Within zxdb you can also do help process-limbo to get more information about how to use it.

Process Limbo FIDL Service

The Process Limbo presents itself as a FIDL service, which is what the Process Limbo CLI tool and zxdb use. The FIDL protocol is defined in zircon/system/fidl/fuchsia-exception/process_limbo.fidl.

A good example about how to use the API is the Process Limbo CLI tool itself: src/developer/forensics/exceptions/limbo_client/limbo_client.cc.

Implementation

Crash Service

When a process throws an exception, Zircon will generate an associated exception handle. It will then look if there are any listeners in any associated exception channels that might be interested in handling that exception. That is how debuggers such as zxdb get the exceptions from running processes. See the exceptions handling for more details.

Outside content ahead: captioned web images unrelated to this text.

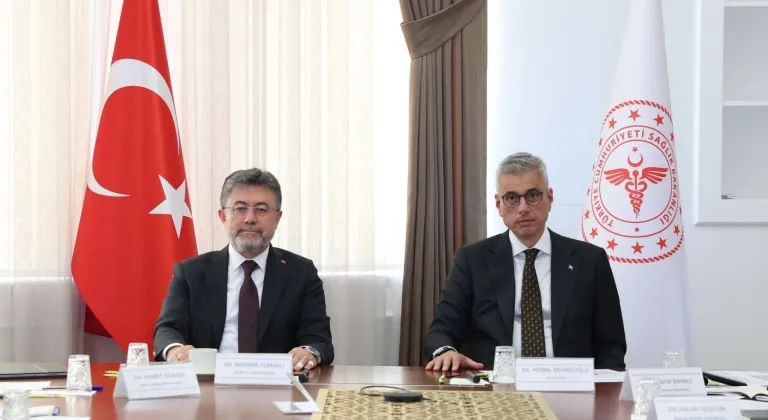 Bakanlar Memişoğlu ve Yumaklı'dan işbirliği toplantısı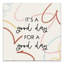 Good Day, reproduction sur toile-1184224645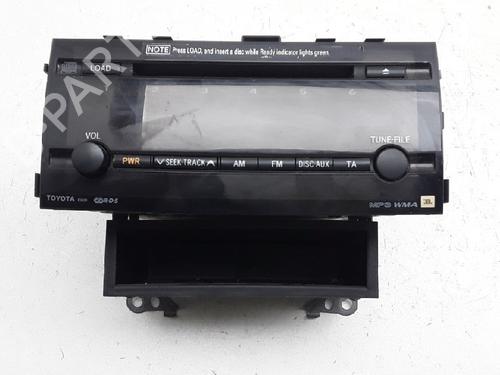 Used Radio TOYOTA PRIUS Liftback (_W2_) 1.5 Hybrid (NHW20_, NHW20R) (112 hp) 10832021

But when there are no more exception handlers left, either because there weren't any or they all decided to pass on handling it, the root job has an exclusive handler called crashsvc. Once an exception has reached the Crash Service, it is understood that it has “crashed” and that no program was able to handle it. The Crash Service will then dump the crashing stack trace to the logs and pass the exception over to the Exception Broker.

Exception Broker

The Exception Broker is in charge of deciding what is to be done with a crashing exception, depending on the actual system configuration. It might decide to create a minidump file and dump a crash report, send the exception over to the Process Limbo or kill the process.

The Exception Broker is aware of the Process Limbo and whether it is active or not. When it receives an exception, it will check whether the Process Limbo is enabled. If so, it will pass the exception handle over to it. This is the same Process Limbo exposed by the FIDL service.